Plowman's trial was set to begin on Monday until it was delayed because of the unavailability of a key government witness, an FBI agent, due to an unexpected illness of a family member. Cochrum's testimony supposedly relates to a request Plowman had made of Cochrum to support a zoning variance for a business that would be located in Cochrum's district. A press release from the Justice Department last September following Plowman's indictment read:
The indictment, returned by a federal grand jury in the Southern District of Indiana, alleges that between Aug. 11, 2009, and Dec. 22, 2009, while a member of the City-County Council, Plowman solicited an undercover FBI agent to pay $5,000 in cash and to make a $1,000 campaign contribution for Plowman’s benefit. In exchange for the payments, Plowman allegedly would use his official actions and influence to facilitate the opening of a strip club in Indianapolis. According to the indictment, Plowman was a member of the Metropolitan Development Committee of the City-County Council. He was also a major with the Indianapolis Metropolitan Police Department.Court filings show that the court granted the government's motion for an order in limine to offer evidence of a consensual recording of a conversation with Plowman, an undercover FBI agent and a cooperating individual, as well instructions of the potential penalties against Plowman in the event of an indictment. Plowman intends to offer evidence of government misconduct, and the court granted the government's motion to limit testimony in that regard. Several sealed motions made by the government were taken under advisement by the court. Advance Indiana has learned that the government also intends to call other individuals who served on the Board of Zoning Appeals during the period in question. One BZA member, Brad Klopfenstein, has publicly acknowledged Plowman discussed a potential case with him. Klopfenstein also served as Plowman's campaign manager. It is uncertain when a new trial date will be scheduled.
Plowman faces a maximum penalty on the extortion charge of 20 years in prison and a $250,000 fine. He faces a maximum penalty on the bribery charge of 10 years in prison and a $250,000 fine.
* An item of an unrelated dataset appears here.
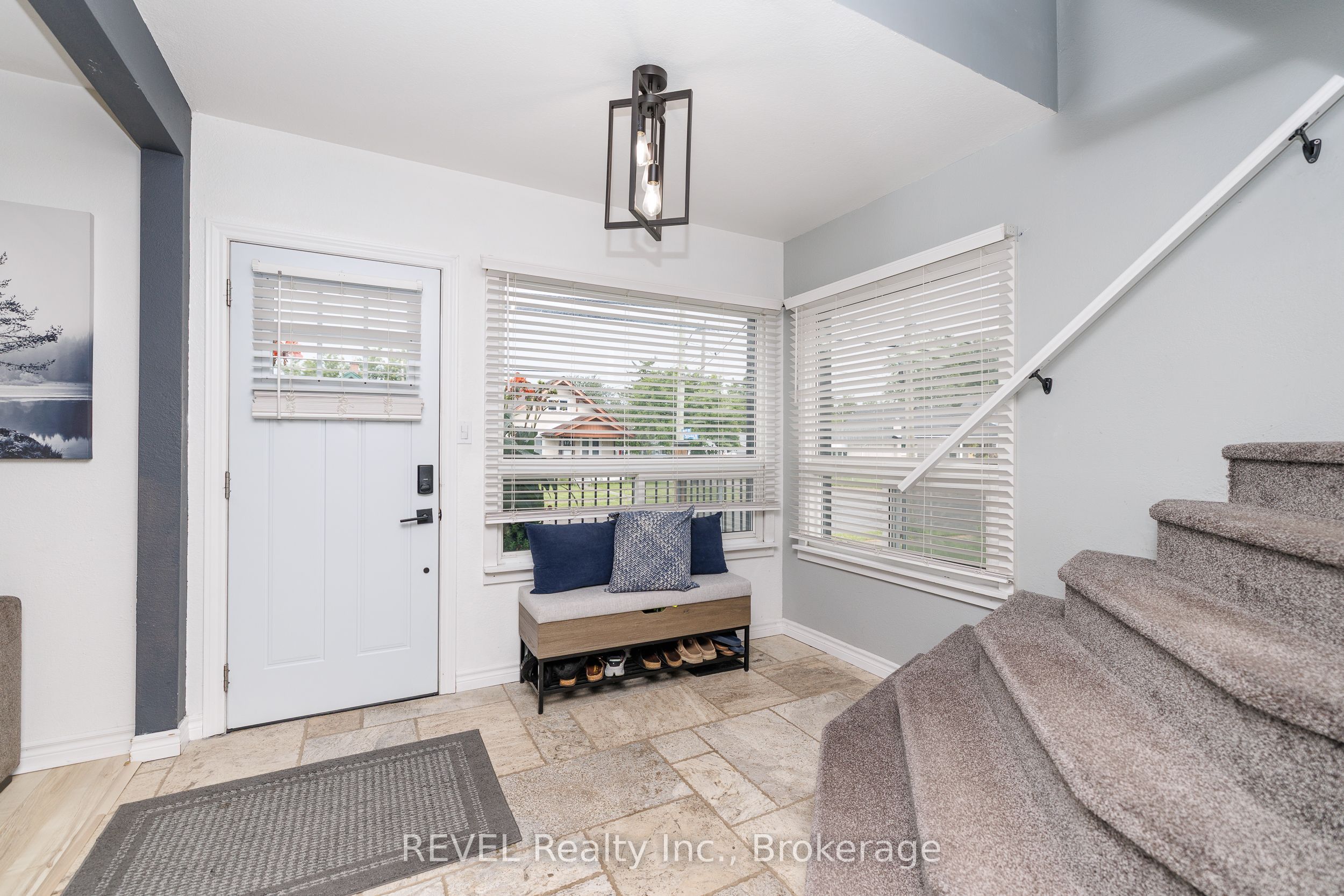 4594 Ferguson Street, Niagara Falls, ON L2E 2Y9 photo 4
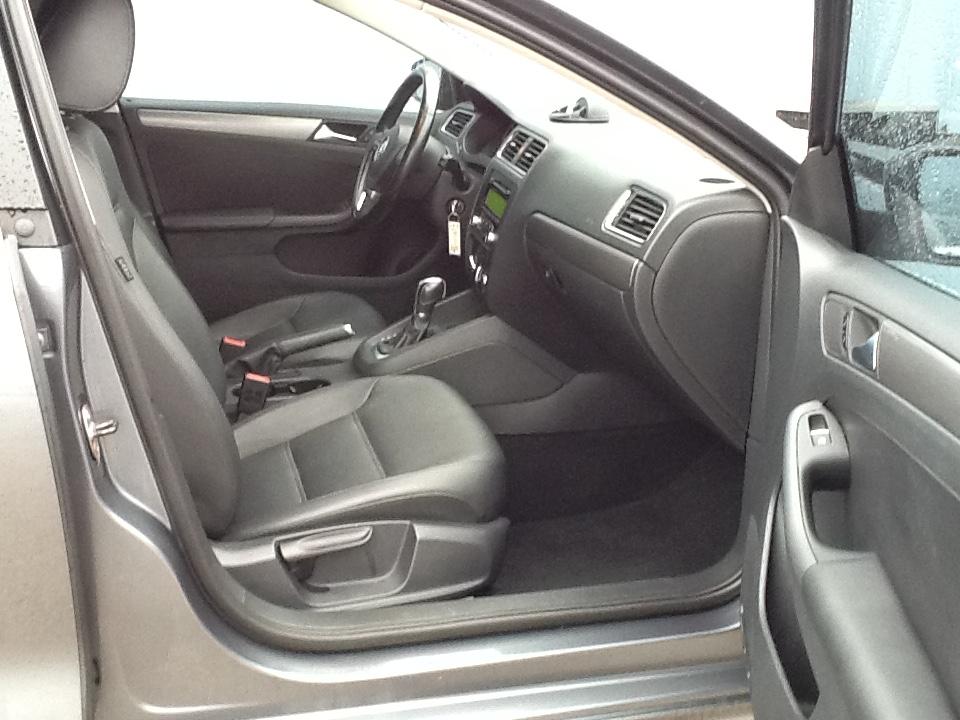 Volkswagen Jetta Sedan 4dr DSG TDI 2013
An initial hearing will be scheduled before a U.S. Magistrate Judge in the Southern District of Indiana.
An indictment is merely a charge and defendants are presumed innocent until proven guilty.
The case is being prosecuted by Senior Trial Attorney Richard C. Pilger of the Criminal Division’s Public Integrity Section and Assistant U.S. Attorney Joe H. Vaughn. The case is being investigated by the FBI.